● Brief: Copy exactly, and only, the lines from the line containing "Отдам котят мальчиков" through the last line of the records below, both included.

● Data for analysis:
***
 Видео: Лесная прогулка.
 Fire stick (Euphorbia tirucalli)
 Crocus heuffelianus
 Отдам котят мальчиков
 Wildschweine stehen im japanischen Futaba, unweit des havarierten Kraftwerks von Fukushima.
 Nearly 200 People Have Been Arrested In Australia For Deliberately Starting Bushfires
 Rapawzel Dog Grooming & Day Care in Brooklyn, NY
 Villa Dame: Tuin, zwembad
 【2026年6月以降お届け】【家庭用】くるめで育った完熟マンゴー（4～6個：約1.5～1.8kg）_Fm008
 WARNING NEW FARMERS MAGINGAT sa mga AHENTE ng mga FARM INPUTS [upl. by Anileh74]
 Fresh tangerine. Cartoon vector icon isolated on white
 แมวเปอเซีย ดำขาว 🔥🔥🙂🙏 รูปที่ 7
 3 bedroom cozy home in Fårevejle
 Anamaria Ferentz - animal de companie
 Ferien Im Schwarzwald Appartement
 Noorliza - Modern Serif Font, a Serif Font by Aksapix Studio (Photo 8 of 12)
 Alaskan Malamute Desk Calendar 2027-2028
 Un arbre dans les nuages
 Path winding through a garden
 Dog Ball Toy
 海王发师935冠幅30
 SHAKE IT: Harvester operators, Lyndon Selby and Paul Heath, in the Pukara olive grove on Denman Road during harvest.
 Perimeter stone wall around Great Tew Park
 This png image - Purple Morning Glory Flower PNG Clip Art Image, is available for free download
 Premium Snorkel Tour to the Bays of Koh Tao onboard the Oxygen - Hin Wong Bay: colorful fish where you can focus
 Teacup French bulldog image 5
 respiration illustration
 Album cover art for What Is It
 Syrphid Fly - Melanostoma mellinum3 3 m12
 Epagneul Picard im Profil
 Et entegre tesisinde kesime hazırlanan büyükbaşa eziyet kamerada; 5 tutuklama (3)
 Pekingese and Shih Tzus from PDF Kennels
***
● Task answer:
 Отдам котят мальчиков
 Wildschweine stehen im japanischen Futaba, unweit des havarierten Kraftwerks von Fukushima.
 Nearly 200 People Have Been Arrested In Australia For Deliberately Starting Bushfires
 Rapawzel Dog Grooming & Day Care in Brooklyn, NY
 Villa Dame: Tuin, zwembad
 【2026年6月以降お届け】【家庭用】くるめで育った完熟マンゴー（4～6個：約1.5～1.8kg）_Fm008
 WARNING NEW FARMERS MAGINGAT sa mga AHENTE ng mga FARM INPUTS [upl. by Anileh74]
 Fresh tangerine. Cartoon vector icon isolated on white
 แมวเปอเซีย ดำขาว 🔥🔥🙂🙏 รูปที่ 7
 3 bedroom cozy home in Fårevejle
 Anamaria Ferentz - animal de companie
 Ferien Im Schwarzwald Appartement
 Noorliza - Modern Serif Font, a Serif Font by Aksapix Studio (Photo 8 of 12)
 Alaskan Malamute Desk Calendar 2027-2028
 Un arbre dans les nuages
 Path winding through a garden
 Dog Ball Toy
 海王发师935冠幅30
 SHAKE IT: Harvester operators, Lyndon Selby and Paul Heath, in the Pukara olive grove on Denman Road during harvest.
 Perimeter stone wall around Great Tew Park
 This png image - Purple Morning Glory Flower PNG Clip Art Image, is available for free download
 Premium Snorkel Tour to the Bays of Koh Tao onboard the Oxygen - Hin Wong Bay: colorful fish where you can focus
 Teacup French bulldog image 5
 respiration illustration
 Album cover art for What Is It
 Syrphid Fly - Melanostoma mellinum3 3 m12
 Epagneul Picard im Profil
 Et entegre tesisinde kesime hazırlanan büyükbaşa eziyet kamerada; 5 tutuklama (3)
 Pekingese and Shih Tzus from PDF Kennels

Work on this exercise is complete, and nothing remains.